Numéro d'arrêt : 08003
Numéro NOR : CETATEXT000007672888 ?
Identifiant URN:LEX : urn:lex;fr;conseil.etat;arret;1979-02-07;08003 ?

Analyses :

ACTES LEGISLATIFS ET ADMINISTRATIFS - APPLICATION DANS LE TEMPS - RETROACTIVITE - RETROACTIVITE LEGALE - Décret du 15 octobre 1976 relatif au service hebdomadaire des agrégés d'éducation musicale et de chant choral - Vide juridique.

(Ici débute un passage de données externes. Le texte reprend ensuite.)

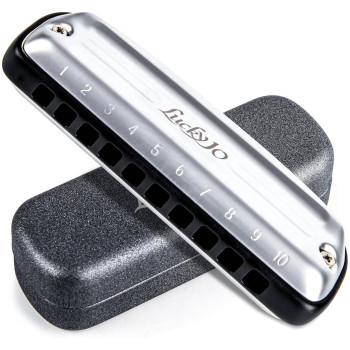 EASTTOP LUCKY 10 BLACK COMB - Губная гармоника диатоническая EASTTOP LUCKY 10 BLACK COMB - Губная гармоника диатоническая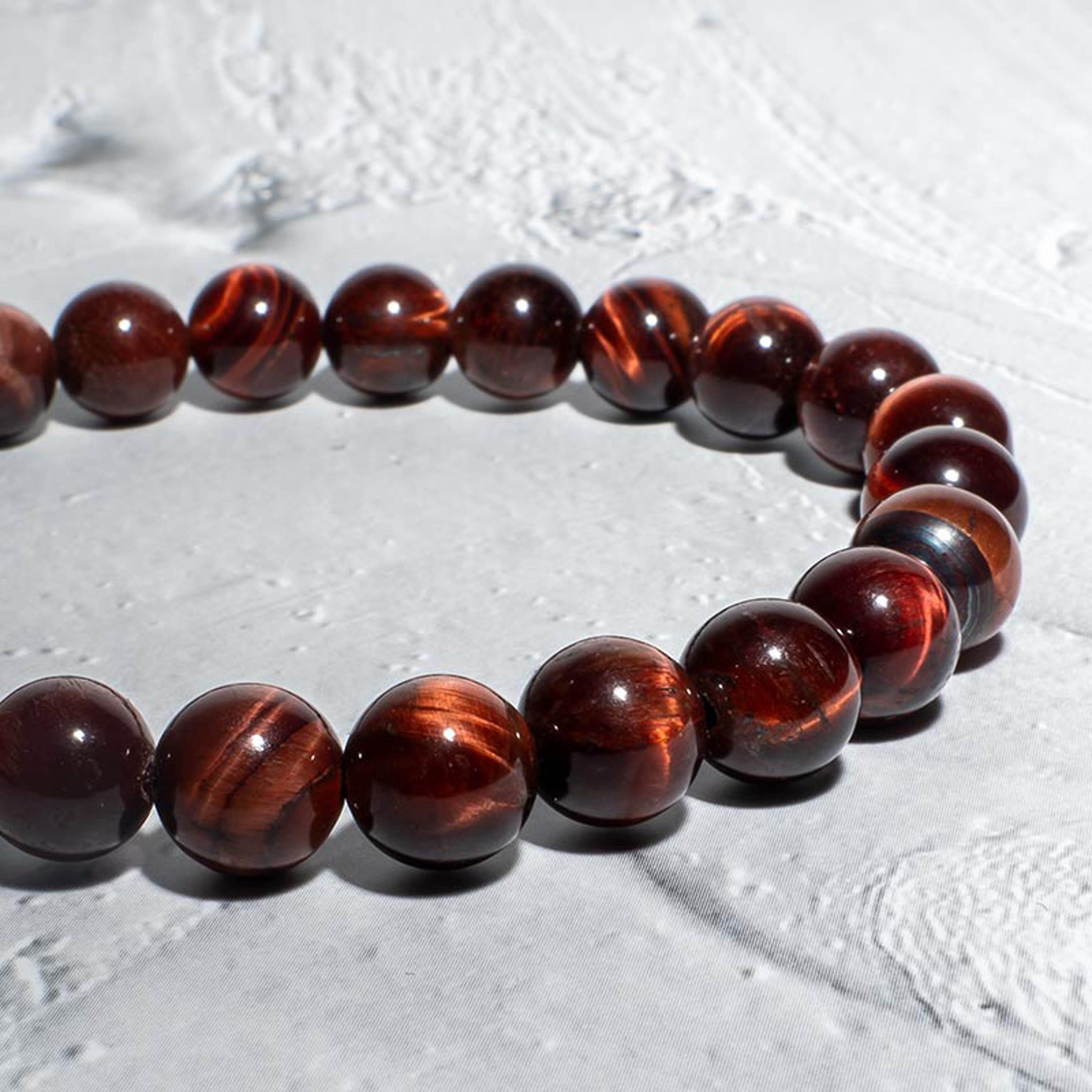 UNIQAL.de Perlenarmband Premium Naturstein & Heilstein Schmuck, Unisex Perl günstig online kaufen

30-01-02-01-02[1], 36-02-05 Les professeurs des disciplines artistiques, en raison même de la nature de leurs spécialités, accomplissent leurs fonctions dans des conditions différentes de celles dans lesquelles s'exerce l'activité des autres professeurs des disciplines littéraires et scientifiques. Le gouvernement n'a pas dès lors porté atteinte à l'égalité entre les membres du corps des professeurs agrégés en imposant aux professeurs de dessin ou d'éducation musicale et de chant choral un maximum hebdomadaire de service différent de celui des professeurs des disciplines littéraires et scientifiques.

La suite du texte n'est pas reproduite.